“But what did you want them for?”

“A boat from another schooner had been cast ashore. It was blowing hard, as it usually does where the Polar ice comes down into the Behring Sea. They’d been shooting seals. We meant to bring the men off if we could manage it.”

“Wouldn’t one boat have been enough?”

“No,” answered Wyllard dryly, “we had three, and I think that was one cause of the trouble. There was one from the other schooner. You see, those seals belonged to the Russians, and we free-lances could shoot them only off shore. I’m not sure that the men in the wrecked boat had been fishing outside the limit.”

Agatha did not press for further particulars, and he went on.

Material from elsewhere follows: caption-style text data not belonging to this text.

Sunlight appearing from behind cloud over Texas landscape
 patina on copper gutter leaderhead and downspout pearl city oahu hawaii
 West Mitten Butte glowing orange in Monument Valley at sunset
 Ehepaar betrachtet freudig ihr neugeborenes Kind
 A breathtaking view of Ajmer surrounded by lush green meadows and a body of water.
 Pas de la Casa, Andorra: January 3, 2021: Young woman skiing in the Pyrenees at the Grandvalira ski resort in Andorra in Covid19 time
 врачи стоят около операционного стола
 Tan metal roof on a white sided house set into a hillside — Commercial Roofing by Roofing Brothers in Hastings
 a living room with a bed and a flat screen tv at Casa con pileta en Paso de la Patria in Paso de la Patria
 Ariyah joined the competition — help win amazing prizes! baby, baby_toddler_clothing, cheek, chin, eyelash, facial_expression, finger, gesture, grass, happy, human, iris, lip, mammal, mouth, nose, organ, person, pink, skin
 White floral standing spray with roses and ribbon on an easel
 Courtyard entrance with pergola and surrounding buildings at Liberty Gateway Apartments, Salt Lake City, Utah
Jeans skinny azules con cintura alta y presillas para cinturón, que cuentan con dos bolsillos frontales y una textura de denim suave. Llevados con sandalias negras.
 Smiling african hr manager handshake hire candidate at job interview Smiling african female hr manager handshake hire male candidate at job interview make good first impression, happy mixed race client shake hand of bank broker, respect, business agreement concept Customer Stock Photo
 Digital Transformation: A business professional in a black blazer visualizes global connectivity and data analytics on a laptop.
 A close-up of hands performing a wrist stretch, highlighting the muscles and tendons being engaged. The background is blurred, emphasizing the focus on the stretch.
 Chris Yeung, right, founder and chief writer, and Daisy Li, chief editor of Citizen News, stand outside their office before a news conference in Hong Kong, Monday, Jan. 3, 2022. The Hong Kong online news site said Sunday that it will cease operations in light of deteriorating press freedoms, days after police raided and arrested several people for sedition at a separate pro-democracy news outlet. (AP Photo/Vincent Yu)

“We managed to make a landing, though one boat went up bottom uppermost. I fancy they must have broken or lost an oar then. We got the wrecked men, but we had trouble while we were getting the boats off again. The surf was running in savagely, and the fog shut down as solid as a wall. Any way, we pulled off, and went out with a foot of water in one boat. One of the rescued men took my oar when I let it go.”

“Why did you let it go?”

Wyllard laughed in a grim fashion.

“My head was laid open with a sealing club,” he said. “Some of the other men had their scratches, but they managed to row. For one thing, they knew they had to. They had reasons for not wanting to fall into the Russians’ hands. Well, we cleared the beach, and once or twice, as I tried to bale, there was a shout somewhere near us, and the loom of a vanishing boat. It was all we could make out, for the sea was slopping into the boat, and the spray was flying everywhere. If there had been only two boats we probably would have found out our misfortune, and perhaps would have set it straight. As it was, we couldn’t tell that it was the same boat that had hailed us.”